**Task prompt**
Pictures are to be left out; every line from the one with "Foto 3 | Playera Bebe con Jaretas para Mujer" through the end of the data must be transcribed exactly.

<<<<

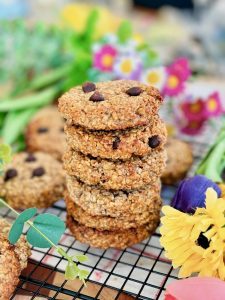 Biscuiți cu ovăz și banane fără gluten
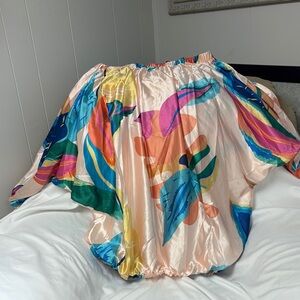 Colorful Abstract Mini Dress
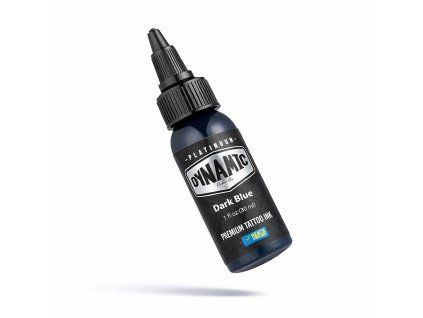 Platinum by Dynamic Tattoo Ink Dark Blue 30 ml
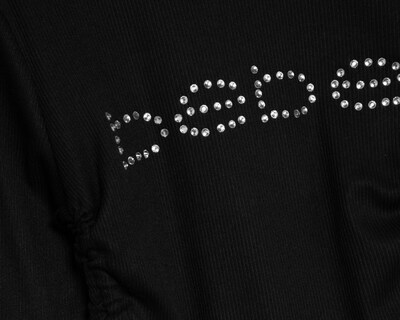 Foto 3 | Playera Bebe con Jaretas para Mujer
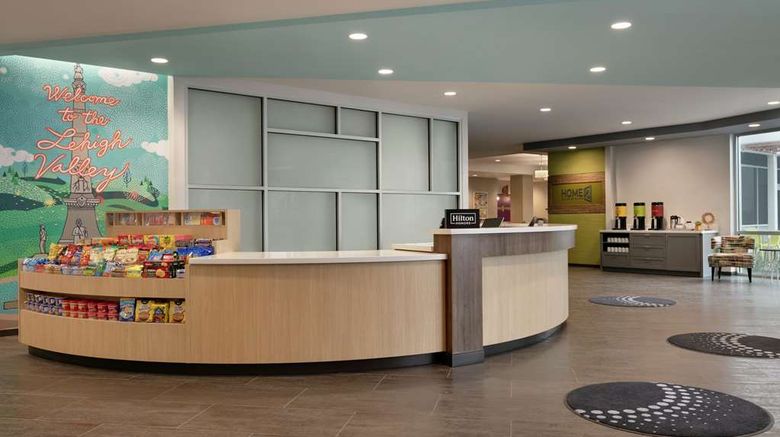 <b>Home2 Suites by Hilton Easton Lobby</b>. Images powered by <a href="https://iceportal.shijigroup.com/" title="IcePortal" target="_blank">IcePortal</a>.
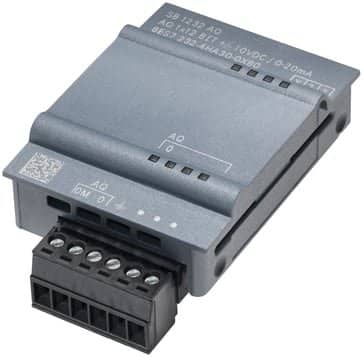 Siemens S7-1200 analog input signal board RTD med 1 kanal til PT100 og PT1000 sensorer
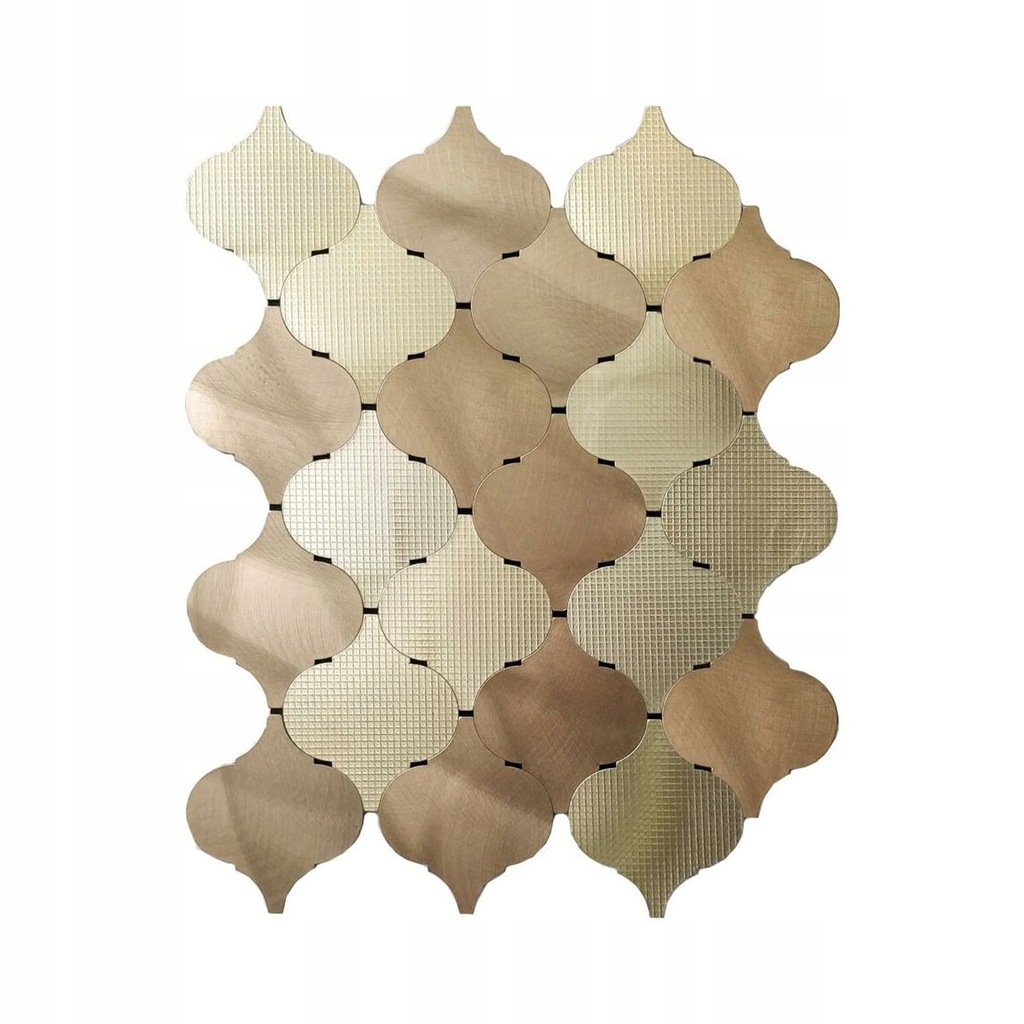Mozaika Marakesz Gold Iryda 30 x 30 Leroy Merlin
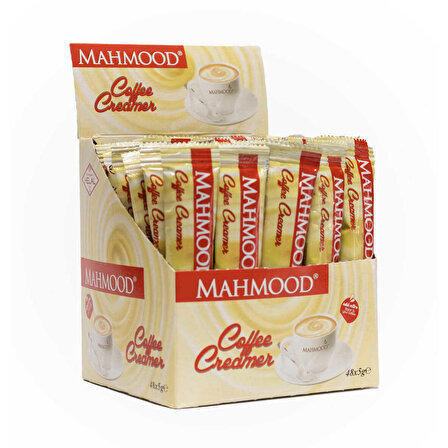 Mahmood Coffee Gold Granül Kahve 2 gr X 48 Adet ve Stick Kahve Kreması 5 gr X 48 Adet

>>>>

**Solution for this task**
 Foto 3 | Playera Bebe con Jaretas para Mujer
 <b>Home2 Suites by Hilton Easton Lobby</b>. Images powered by <a href="https://iceportal.shijigroup.com/" title="IcePortal" target="_blank">IcePortal</a>.
 Siemens S7-1200 analog input signal board RTD med 1 kanal til PT100 og PT1000 sensorer
Mozaika Marakesz Gold Iryda 30 x 30 Leroy Merlin
 Mahmood Coffee Gold Granül Kahve 2 gr X 48 Adet ve Stick Kahve Kreması 5 gr X 48 Adet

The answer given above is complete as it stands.